● The input
########################################

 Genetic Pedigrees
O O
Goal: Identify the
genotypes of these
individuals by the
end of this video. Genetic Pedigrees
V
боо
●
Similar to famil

########################################

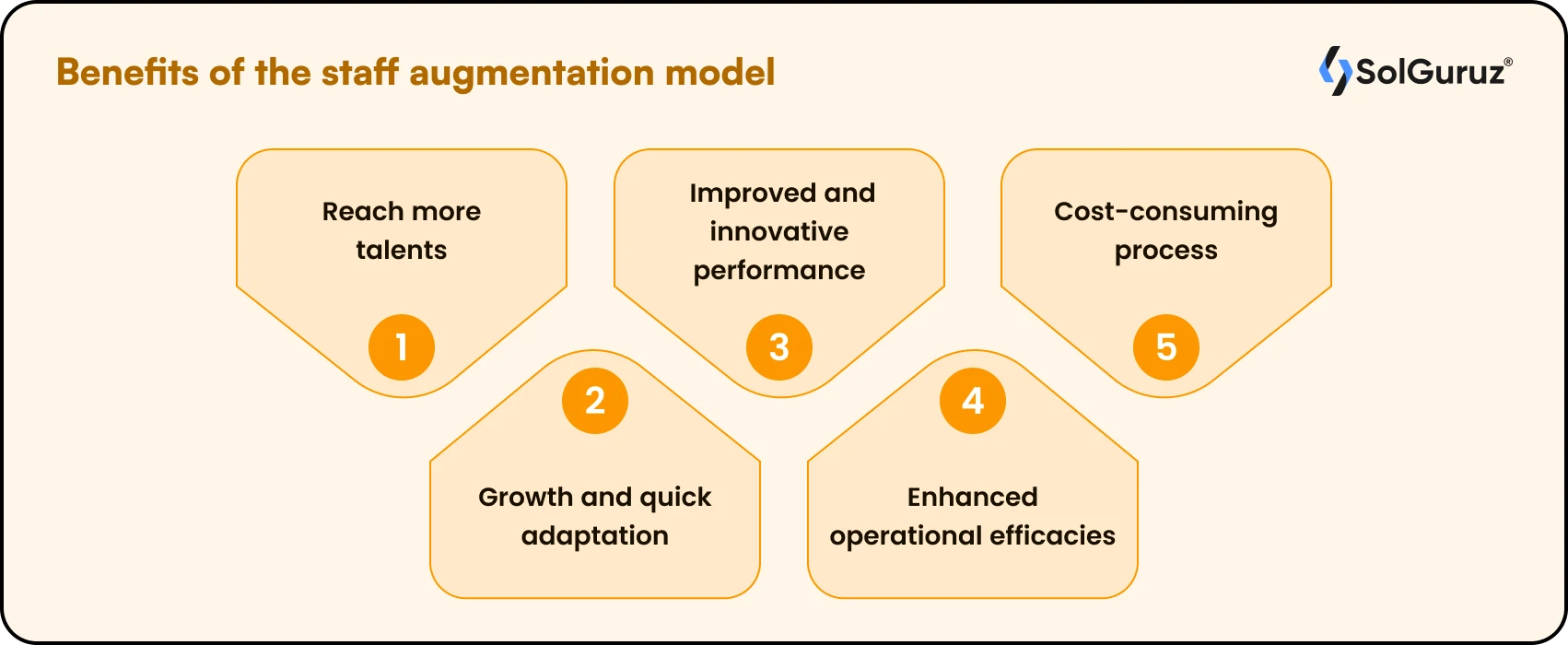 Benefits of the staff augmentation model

########################################

● What to produce
If a line in the listing contains the string "Pedigrees", copy it.

● Final answer
 Genetic Pedigrees
end of this video. Genetic Pedigrees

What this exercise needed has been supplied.